Why Travel for Sport?

Quite a number of years ago, I was sat on a train stuck at Peterborough station. We were held up on our journey because of the hordes of Sheffield Wednesday fans thronging the platform, singing and chanting together as they changed trains on their way to whatever mid-sized English town their team would be playing that afternoon. A woman opposite me looked up from her book and asked, in a tone dripping with contempt, ‘Do you think men need ritual?

 

At the time, I think I just smiled and rolled my eyes as if to say, ‘Aren’t they so juvenile? Shouldn’t they have better things to do?’

But the question stayed with me.

 

It brought me back to the earliest reasons I was drawn to watching sport, which were very much rooted in ritual. Growing up, my maternal grandfather and uncle were avid cricket fans. Since they arrived in Essex in the late 1970s, they had been religiously attending the county team’s fixtures throughout each summer. Some of my earliest memories are of sitting in my grandparents’ kitchen on Sunday mornings as my grandmother lovingly packed a mouthwatering array of fine foods for uncle James and grandpa Jimmy to take with them on their trips to Chelmsford. Proving the adage that the way to a man’s heart is through his stomach, I wanted in on these lunches and I was willing to watch cricket to make that happen.

 

I don’t remember the exact date, I’m not even entirely sure of the year, and I certainly can’t remember who the opposition were when I went to my first day of County Championship cricket at Chelmsford. But I can tell you what I ate.
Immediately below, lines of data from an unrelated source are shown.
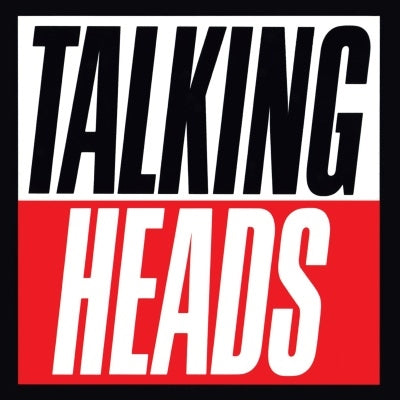 Talking Heads - TRUE Stories - Japan CD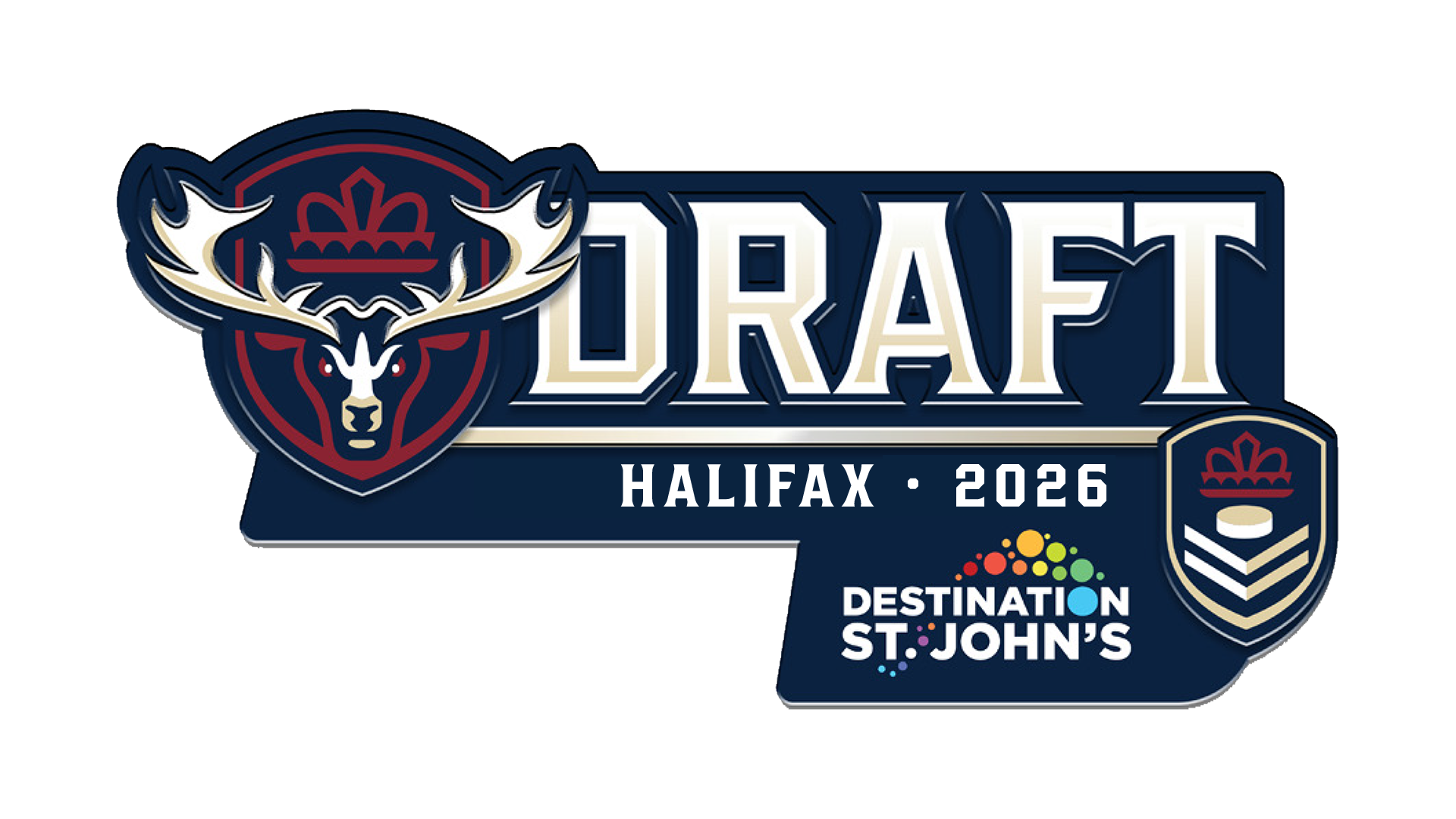 2026 QMJHL Draft — Halifax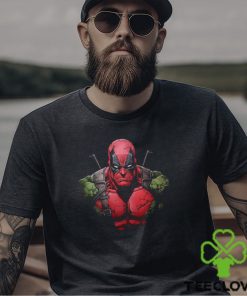 Hulkpool Shirt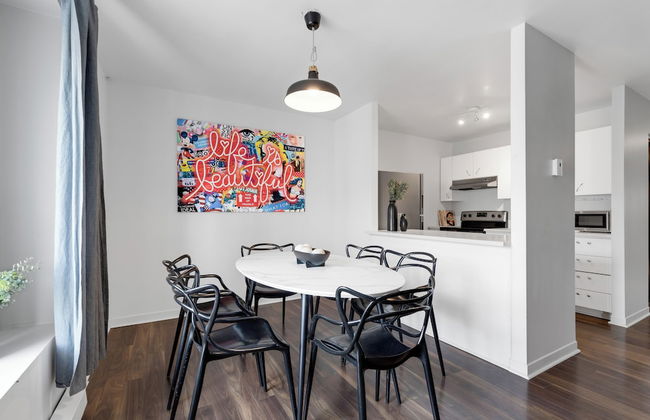 Liv MTL - Soho - Foto 40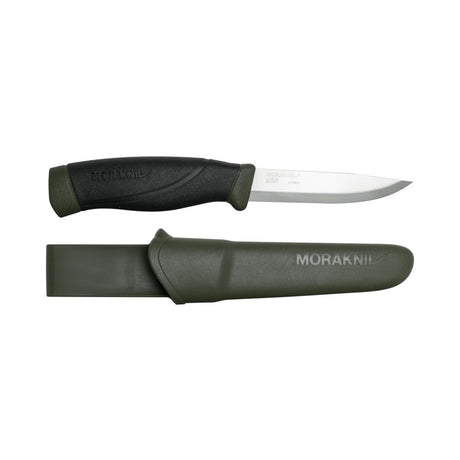 Morakniv - Companion HeavyDuty Kniv fra Morakniv - billede nr. 1 hos GrejFreak.dk
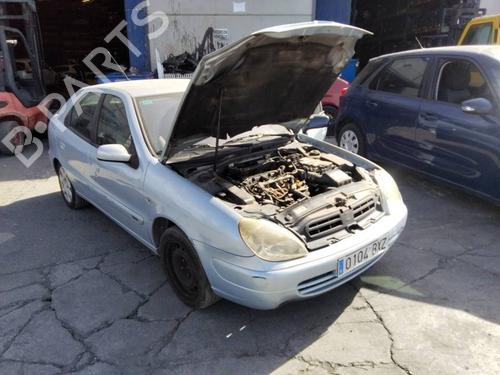 Used Parts CITROËN XSARA (N1) 2.0 HDi 90 4936330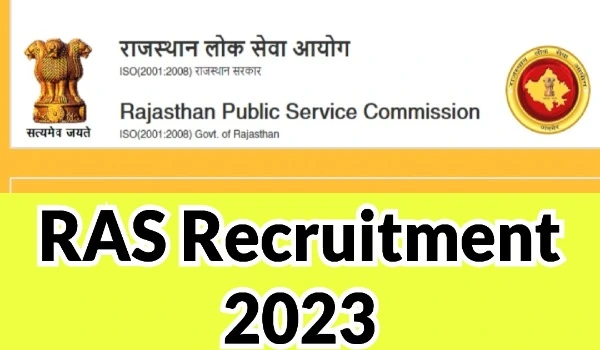 RAS Recruitment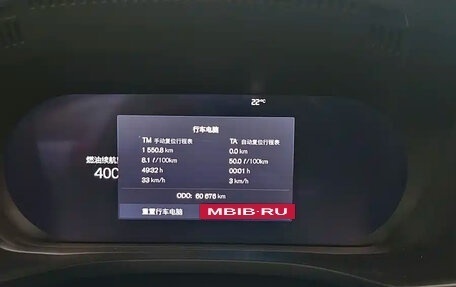 Volvo XC60 II, 2022 год, 2 840 000 рублей, 12 фотография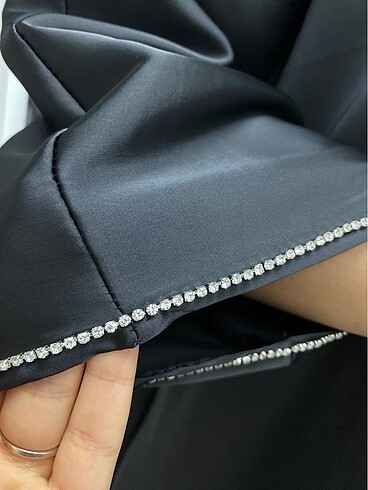 38 Beden Abaya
We arrived a little late, because my grandfather refused to drive above 45mph regardless of the tailback he’d built up behind him on the A12, and started with homemade fruitcake and coffee from the Thermos. My grandfather read the Times and my uncle attempted to teach me how to fill in a scorecard. Some time later, proceedings stopped for lunch and things got interesting. Cheese and ham sandwiches, gala pie, a prodigious amount of crisps, Scotch eggs, and all manner of delicious things emerged from the cool-box my uncle had carried to our seats with a degree of reverence and circumstance usually afforded to a reliquary. They were carefully unwrapped, shared out amongst the three of us, and enjoyed together.  Play resumed, and I lapsed into a postprandial stupor alleviated only when we broke for tea, where French onion soup and more coffee were on hand to give me the fortitude to make it through to the close of play. I hadn’t paid much attention to the cricket, but I had dined well and that was enough for me to keep coming back throughout that summer.

 

From a love of lunch, a passion for cricket grew. I fell head over heels for the idiosyncratic rhythms of the cricketing summer, from the long, torpid afternoons watching bowlers toil and batsmen dig in despite the unrelenting heat, to the rain delays spent sheltering under the grandstand as those who had travelled in from east London gathered around portable radios to listen to the West Ham game. It brought me closer to my grandfather, a usually silent, stoic type, by allowing us to share in the highs and lows each summer brought. The scorecards my uncle and I would complete are a kind of shared history, a record of days well spent that we can still reminisce over now. Though my grandparents are gone now, the trips my uncle and I still make to matches each summer, though there are fewer of them than either of us would like, allow us to reconnect with them through ritual. He still brings an enormous packed lunch in an oversized bag. We still fill in our scorecards.​

The view from the Doug Insole Pavilion at the County Ground, Chelmsford, 2019

This may seem awfully corny and nostalgic. After all, on the face of it, there’s something fundamentally absurd about gathering en masse to cheer on or castigate a group of, usually much younger, people acting as representatives for a particular town or area as they throw, hit, or kick a ball around for an arbitrary period of time according to what seem to be even more arbitrary rules.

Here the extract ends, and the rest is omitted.